In the paper, in Ordos typical tight oil basin, by means of microscopic flowing simulation, numerical simulation as well as lab experiments results, single-phase and oil-water two-phrase flowing mechanisms have been analyzed, revealing tight oil single phase percolating resistance and movable oil saturation, providing key evaluation parameters for effective reservoir division. For oil-water two-phase flowing, Jamin effect is so serious that water flooding is hard to displace the oil in micro-pores, accordingly relative permeability and displacement efficiency are calculated.
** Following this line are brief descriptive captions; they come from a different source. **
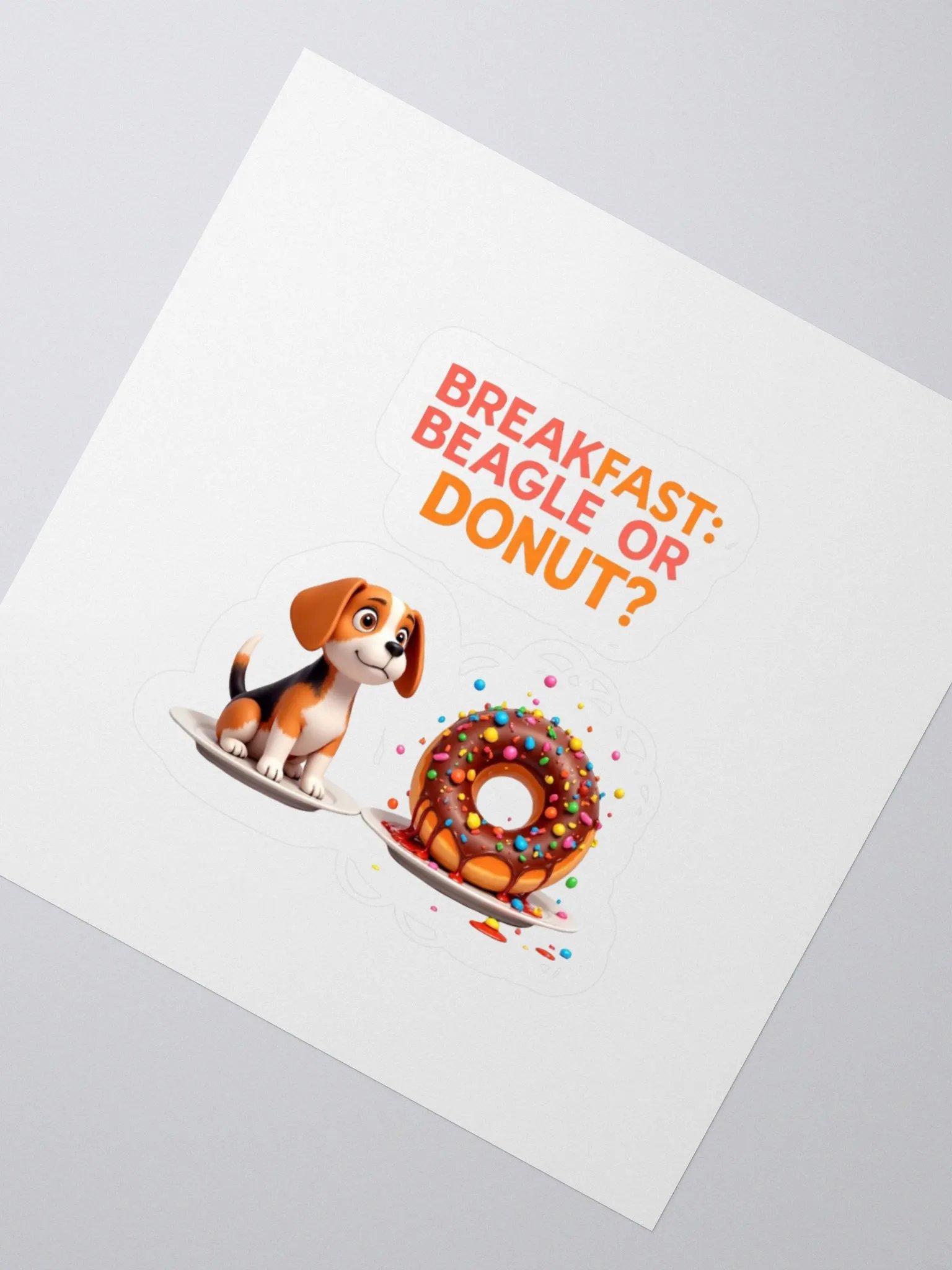 Beagle vs. Donut Kiss Cut Stickers product image (6)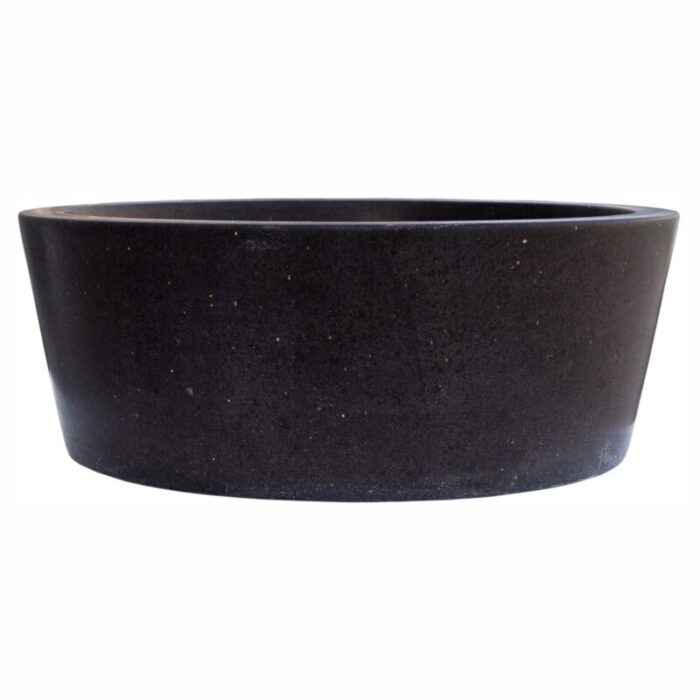 Black andesite natural stone vessel sink NTRSTC53 D 16 H6 side view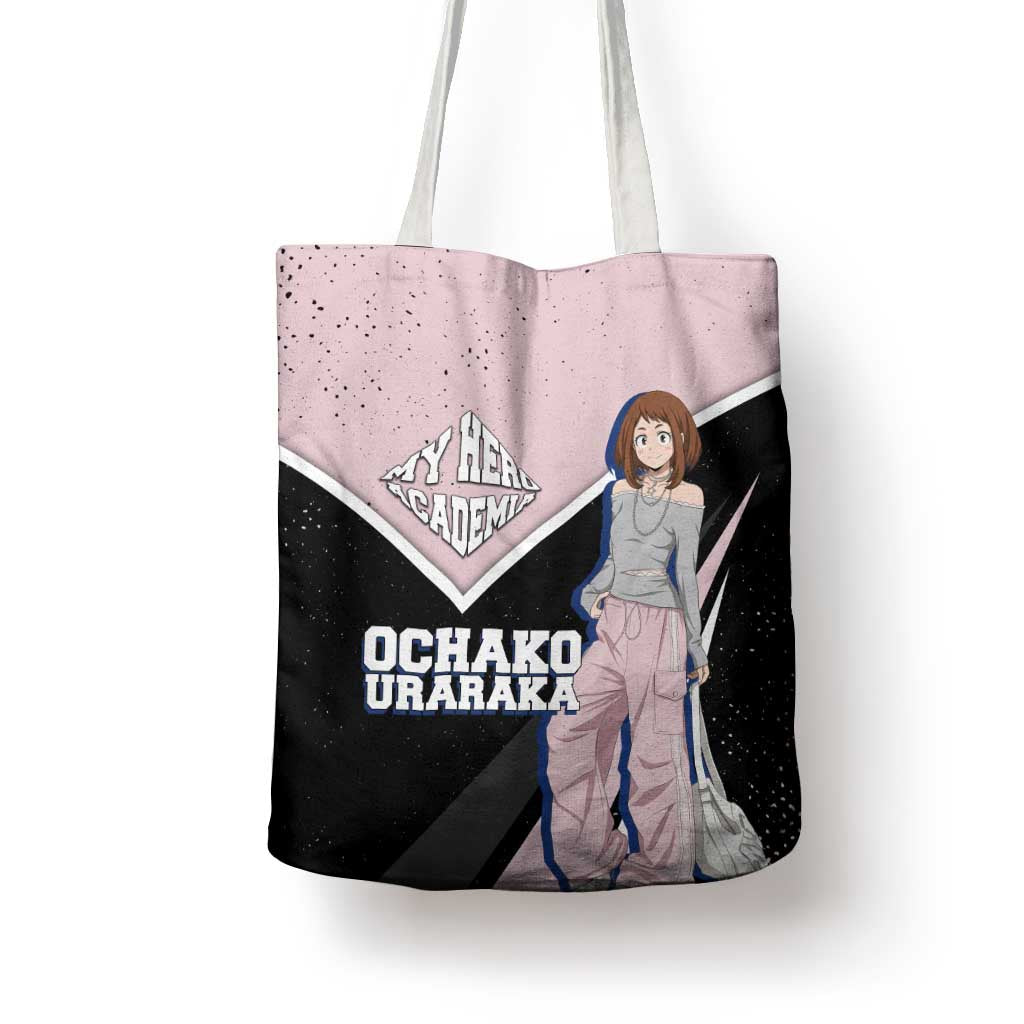 Ochako Uraraka My Hero Academia Tote Bag Anime Grunge Splatter Graphic Style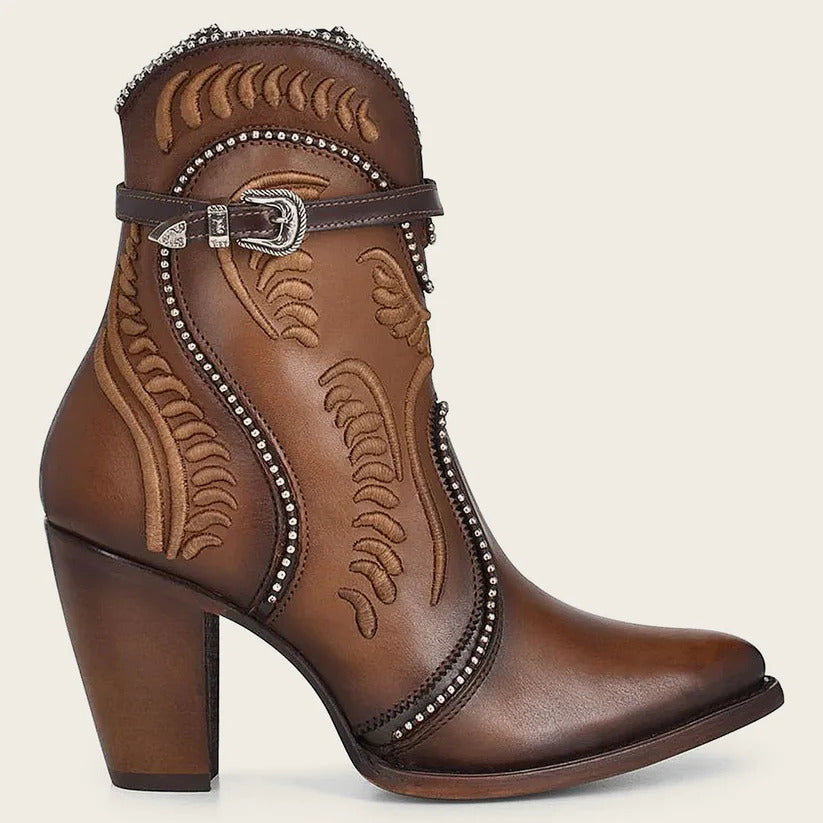 Cuadra Embroidered Honey Leather Western Bootie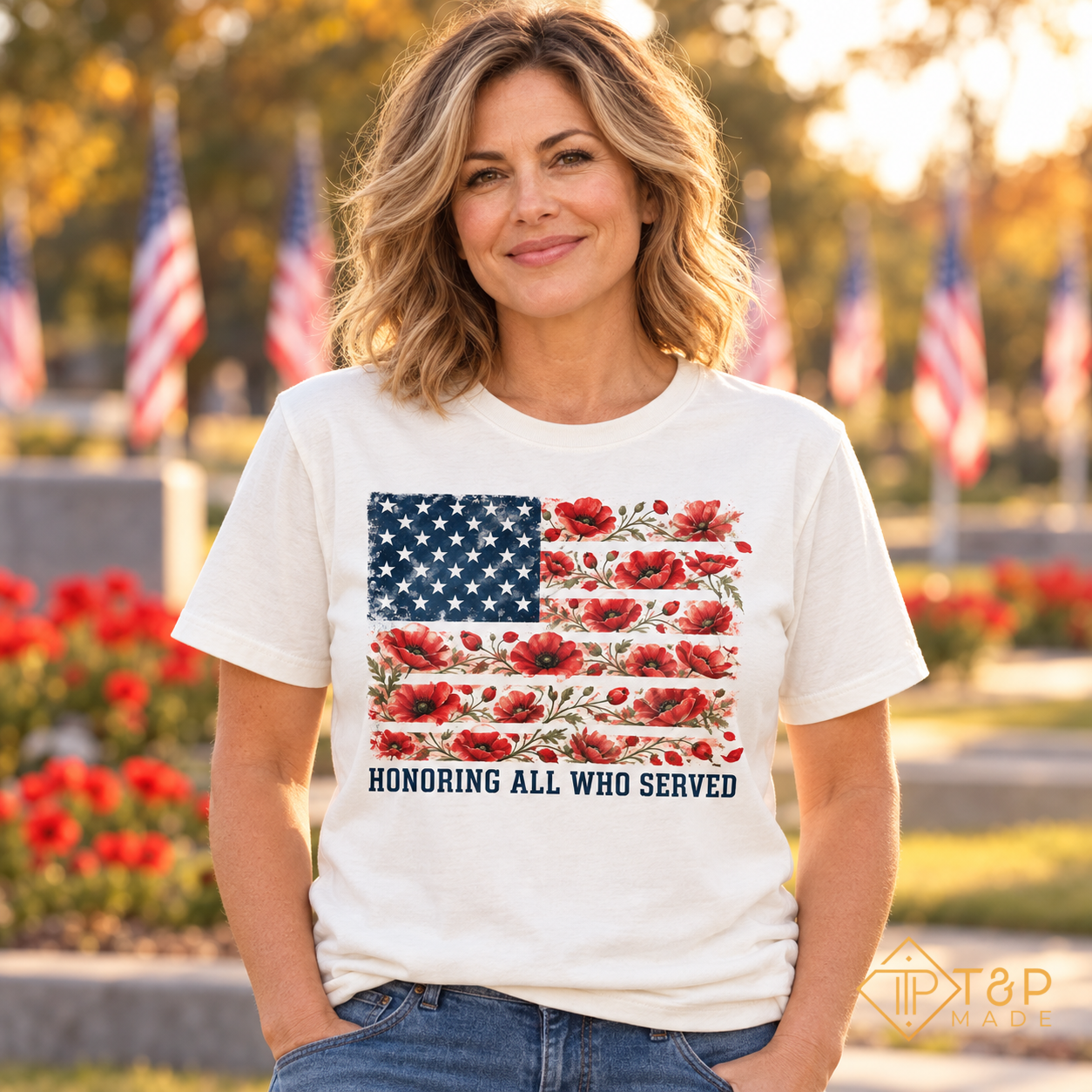 Honoring All Who Served Veterans T-Shirt - American Flag & Poppy Tee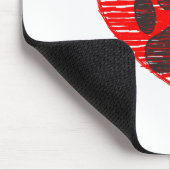 Dog Paw in rood hart Muismat (Hoek)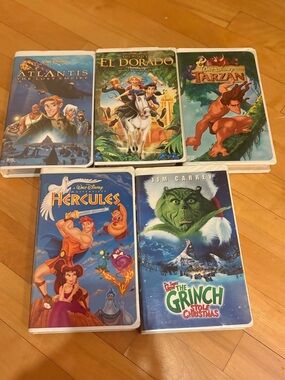 Disney & Family VHS Bundle (5) Tarzan, Hercules, Atlantis + Grinch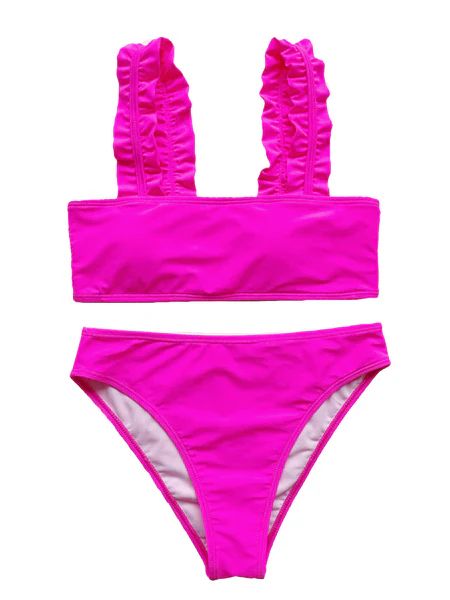 'Nicca' Neon Pink Frill Strap Bikini | Goodnight Macaroon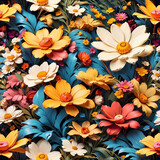 Seamless Background Wallpaper pattern of colorful floral, flowers design.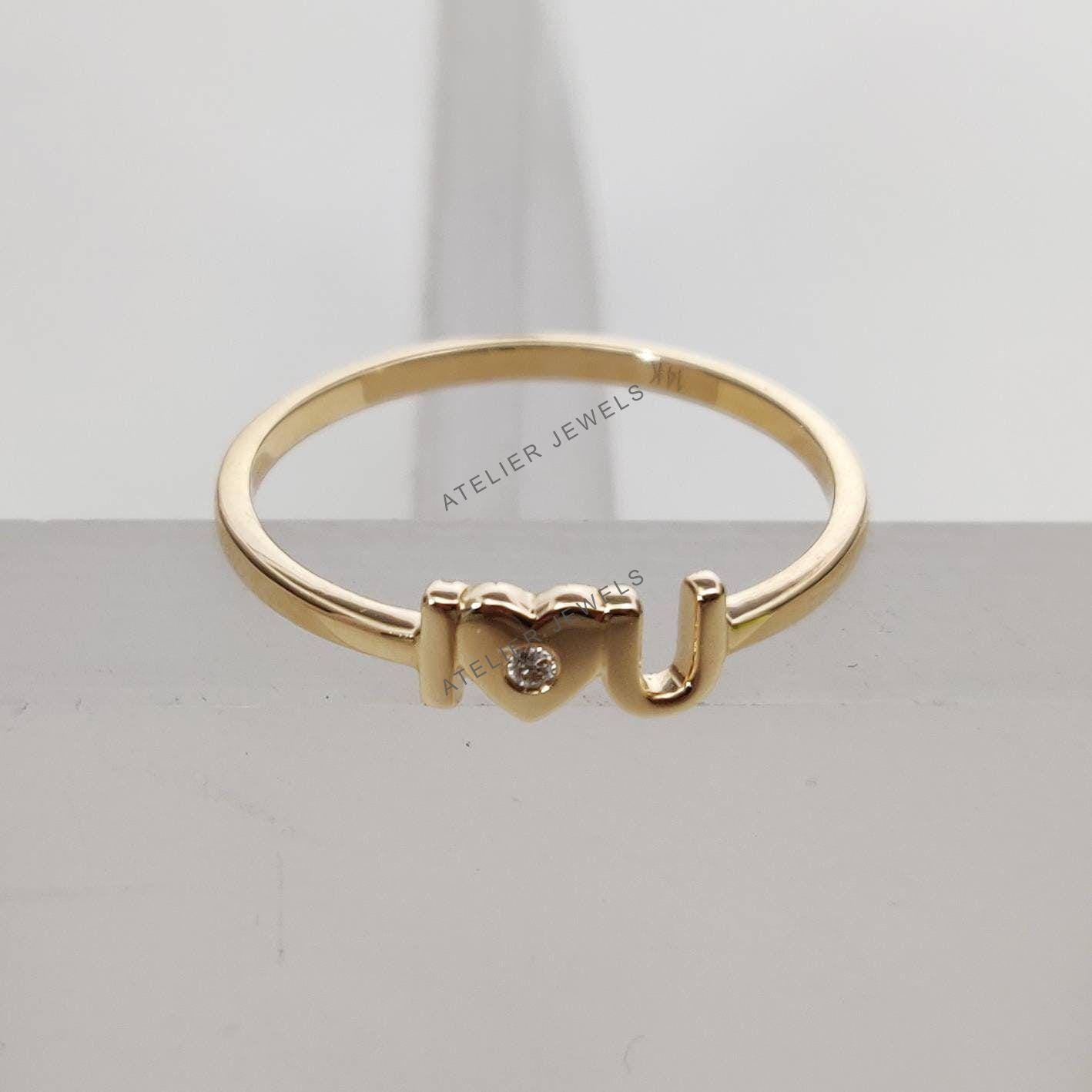 14K Gold Diamond Love Ring, Bridesmaids' Alternative Engagement Ring, Solid 14K Yellow Gold Diamond Love Ring, Valentine Gift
Tight matrix-fracture coupling model recovery mechanism have been analyzed, effective producing radius and mechanism of matrix are defined in the condition of fracturing horizontal wells developing, according to which productivity percentage of Ordos tight oil between fracture and matrix have been determined. On basis of geology evaluation and reservoir engineering analysis, correlation of geological properties-well dynamic characteristics are set up, then influencing factors have been studied to identify tight oil producing conditions on depletion development at different oil price. As different classified fracture developed in the reservoir, water flooding producing condition has been studied, laying the foundation for study of effective development method and technical strategy.
Our research indicates that Ordos tight matrix is of low productivity, with movable water saturation increasing, well productivity sharp decline. During production period, production ratio from fracture is only amounted to 6~14% of accumulation oil. Fully excavating the potential of matrix reserves is predominant to achieve effective development of tight oil. Owing to high start-up pressure gradient, as high as 0.1~0.2MPa/m, for water flooding development, well spacing should be reduced to 50m□ to set up pressure response without fracture developing. While in Ordos basin natural fracture is developed, water channeling is so heavy that accumulative oil is lower than depletion method. CO2 start-up pressure gradient is far smaller than that of water flooding with composite EOR mechanisms, expected to be an effective injection medium for tight oil.
It is a critical period how so many shut-in wells could be revitalized under low oil price condition. Relying on research results, Ordos tight oil new development method target has been determined, promoting application research and pilot test on CO2-gelled fracturing fluid and effective injection fluid sustaining matrix displacing pressure in tight oil development.